Venezuelans fleeing the country’s economic collapse are crowding into makeshift camps in Brazil, Colombia, Ecuador. 

Brazil Forces Sent to Venezuela Border After Migrant Clashes
Demonstrators carry flags and march during a pro-government rally in support of Venezuelan President Nicolas Maduro, outside the Miraflores Palace in Caracas, Venezuela. (Photographer: Carlos Becerra/Bloomberg)

(Bloomberg) -- Brazil will send additional forces to a city on the Venezuelan border after a revenge attack on migrants that followed the alleged robbery and assault of a business owner.

President Michel Temer decided to send 120 more troops from the National Force to remote Roraima, the country’s least-populous state, after meeting with cabinet ministers on Sunday, according to the presidency’s press office.

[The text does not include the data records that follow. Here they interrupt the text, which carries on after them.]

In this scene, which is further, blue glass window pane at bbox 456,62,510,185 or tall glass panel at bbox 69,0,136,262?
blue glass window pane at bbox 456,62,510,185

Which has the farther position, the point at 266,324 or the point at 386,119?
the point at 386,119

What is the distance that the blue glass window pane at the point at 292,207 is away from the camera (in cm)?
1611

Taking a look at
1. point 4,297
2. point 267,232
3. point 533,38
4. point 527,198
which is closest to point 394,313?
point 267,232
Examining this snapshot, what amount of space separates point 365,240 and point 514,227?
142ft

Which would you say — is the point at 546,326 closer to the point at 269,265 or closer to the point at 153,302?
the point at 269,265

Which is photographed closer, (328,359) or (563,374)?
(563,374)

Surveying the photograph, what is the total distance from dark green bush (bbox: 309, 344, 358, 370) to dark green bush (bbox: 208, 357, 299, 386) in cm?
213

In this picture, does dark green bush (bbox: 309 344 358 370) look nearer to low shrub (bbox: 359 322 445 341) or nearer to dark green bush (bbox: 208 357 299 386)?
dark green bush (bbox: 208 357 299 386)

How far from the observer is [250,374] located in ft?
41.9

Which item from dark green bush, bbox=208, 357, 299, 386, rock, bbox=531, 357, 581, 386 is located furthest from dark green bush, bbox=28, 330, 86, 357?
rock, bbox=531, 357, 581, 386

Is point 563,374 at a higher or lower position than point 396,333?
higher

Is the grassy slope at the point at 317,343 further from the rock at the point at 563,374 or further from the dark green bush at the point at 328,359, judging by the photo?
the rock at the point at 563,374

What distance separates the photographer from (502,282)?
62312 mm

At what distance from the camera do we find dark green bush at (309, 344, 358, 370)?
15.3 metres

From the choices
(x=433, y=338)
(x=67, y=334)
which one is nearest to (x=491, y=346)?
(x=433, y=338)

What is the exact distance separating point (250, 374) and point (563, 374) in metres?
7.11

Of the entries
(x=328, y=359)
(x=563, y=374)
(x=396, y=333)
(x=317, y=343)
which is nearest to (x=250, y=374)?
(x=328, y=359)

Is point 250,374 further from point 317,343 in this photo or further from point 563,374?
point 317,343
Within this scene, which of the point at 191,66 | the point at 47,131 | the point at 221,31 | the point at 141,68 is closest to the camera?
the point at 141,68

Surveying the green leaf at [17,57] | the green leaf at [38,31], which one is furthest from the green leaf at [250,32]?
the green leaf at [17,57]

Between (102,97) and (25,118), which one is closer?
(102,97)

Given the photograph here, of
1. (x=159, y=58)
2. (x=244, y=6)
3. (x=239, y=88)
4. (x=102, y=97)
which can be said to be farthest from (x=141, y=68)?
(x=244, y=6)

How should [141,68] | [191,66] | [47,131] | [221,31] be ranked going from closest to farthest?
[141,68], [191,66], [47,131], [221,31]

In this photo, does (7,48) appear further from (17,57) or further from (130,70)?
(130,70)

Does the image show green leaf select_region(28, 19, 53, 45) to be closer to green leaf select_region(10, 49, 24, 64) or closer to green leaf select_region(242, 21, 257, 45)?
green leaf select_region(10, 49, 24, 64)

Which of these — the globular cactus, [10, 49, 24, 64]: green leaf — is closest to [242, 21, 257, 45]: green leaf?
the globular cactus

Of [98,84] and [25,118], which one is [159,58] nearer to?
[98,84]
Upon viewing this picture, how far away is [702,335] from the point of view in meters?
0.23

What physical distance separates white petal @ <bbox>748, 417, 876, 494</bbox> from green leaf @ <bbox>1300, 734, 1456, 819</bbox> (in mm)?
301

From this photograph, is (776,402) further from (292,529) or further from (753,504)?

The decision came after tension erupted in the city of Pacaraima on Saturday. Four Venezuelans allegedly robbed and beat a store owner, according to media reports, prompting local residents to demonstrate against Venezuelans and destroy camps where some of them are living in the city.

Brazil Forces Sent to Venezuela Border After Migrant Clashes

About 1,200 Venezuelans left Brazil after the clashes on Saturday, according to Brazil military information cited by O Estado de S. Paulo.

Hundreds of thousands of Venezuelans fleeing the country’s economic collapse are crowding into cities and makeshift camps in Brazil, Colombia, Ecuador and throughout the region, the largest mass emigration in modern Latin American history.

To contact the reporter on this story: Danielle Chaves in Sao Paulo at djelmayer@bloomberg.net

To contact the editors responsible for this story: Raymond Colitt at rcolitt@bloomberg.net, Bernard Kohn, Ros Krasny

©2018 Bloomberg L.P.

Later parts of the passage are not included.